13. Optimize a Slow Query

Task: Provide a slow SQL query and ask Cursor to optimize it.

Prompt: "This query takes 5 seconds on a 1M row table. Optimize it: SELECT * FROM orders WHERE customer_id IN (SELECT id FROM customers WHERE signup_date > '2024-01-01') ORDER BY created_at DESC;"

Result:

-- Use JOIN instead of subquery, and add index hints
SELECT o.*
FROM orders o
JOIN customers c ON o.customer_id = c.id
WHERE c.signup_date > '2024-01-01'
ORDER BY o.created_at DESC;
-- Also consider composite index on (customer_id, created_at)

Cursor explains the reasoning: subqueries are often slower than joins in MySQL, and indexes can dramatically reduce scan time.

14. Write a Dockerfile with Best Practices

Task: Ask Cursor to generate a production-ready Dockerfile.

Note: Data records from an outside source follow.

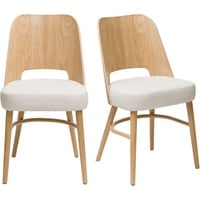 Skandinavische Stühle aus Eichenholz und Stoff mit Bouclé-Wolleffekt in Ecru (2er-Set) EDITO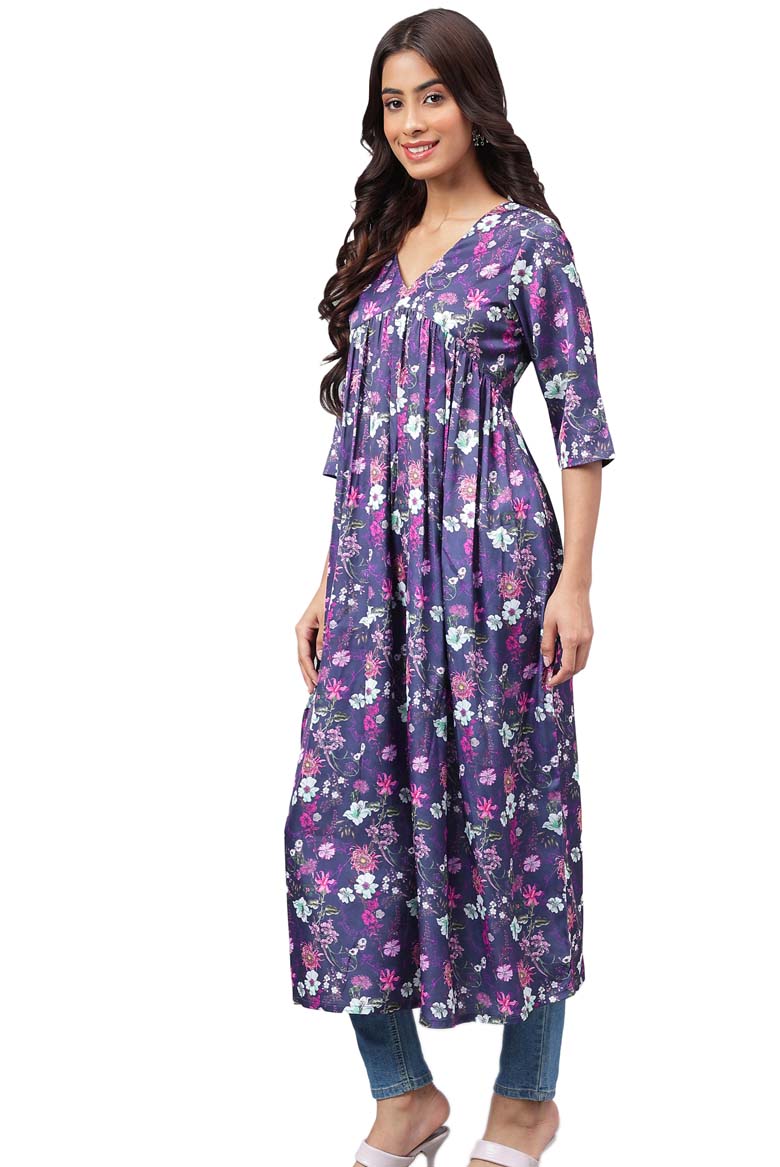 Navy Blue Satin Digital Floral Printed Gathered Kurta - Image 3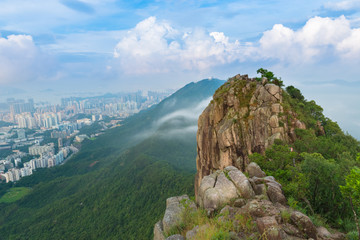 Beautiful Viewed from above the Lion Rock Peak in Hong Kong, China, in morning time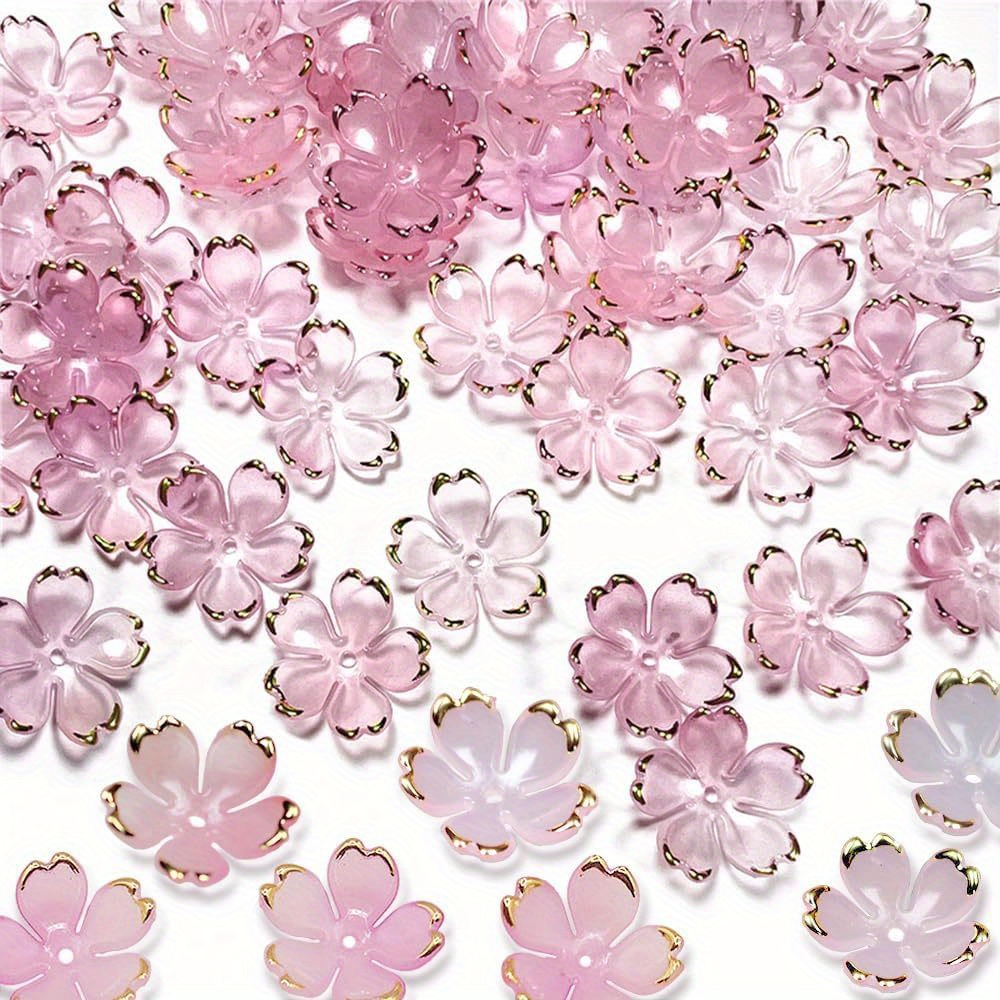 

30/50 Pcs Cherry Blossom Acrylic Flower Beads, 5-petal Spacer Beads For Jewelry Making, Charm, Diy Bracelet And Accessory Decoration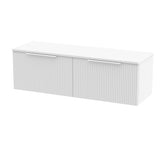 Hudson Reed Fluted 1200mm Satin White Wall Hung 2-Drawer Vanity With Worktop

Prompt: "Create a Dockerfile for a Node.js app that uses multi-stage builds, installs only production dependencies, and runs as a non-root user."

Result:

FROM node:18-alpine AS builder
WORKDIR /app
COPY package*.json ./
RUN npm install --only=production

FROM node:18-alpine
WORKDIR /app
COPY --from=builder /app/node_modules ./node_modules
COPY . .
USER node
EXPOSE 3000
CMD ["node", "server.js"]

This prompt demonstrates Cursor's knowledge of security (non-root user) and efficiency (multi-stage).

15. Generate a Complete API Client from OpenAPI Spec

Task: Paste an OpenAPI JSON snippet and ask Cursor to generate a JavaScript client.

Prompt: "Given this OpenAPI spec, generate a fetch-based JavaScript client for the /users endpoint with getUsers and createUser methods."

Result:

const BASE_URL = 'https://api.example.com';

export async function getUsers() {
  const res = await fetch(`${BASE_URL}/users`);
  if (!res.ok) throw new Error('Failed to fetch users');
  return res.json();
}

export async function createUser(userData) {
  const res = await fetch(`${BASE_URL}/users`, {
    method: 'POST',
    headers: { 'Content-Type': 'application/json' },
    body: JSON.stringify(userData),
  });
  if (!res.ok) throw new Error('Failed to create user');
  return res.json();
}

With the right prompt, Cursor can generate entire API layers from documentation.

Conclusion

Cursor is not just an autocomplete tool — it's an AI pair programmer that understands your codebase, your language, and your intent. The key to unlocking its full potential is crafting precise prompts. Start with simple comments for autocomplete, move to chat for complex features, and use command mode for large-scale refactors. The 15 prompts in this article cover the spectrum from beginner to expert, giving you a practical toolkit for daily development. Try them in your next project, and you'll find yourself writing less code and solving more problems. Happy coding!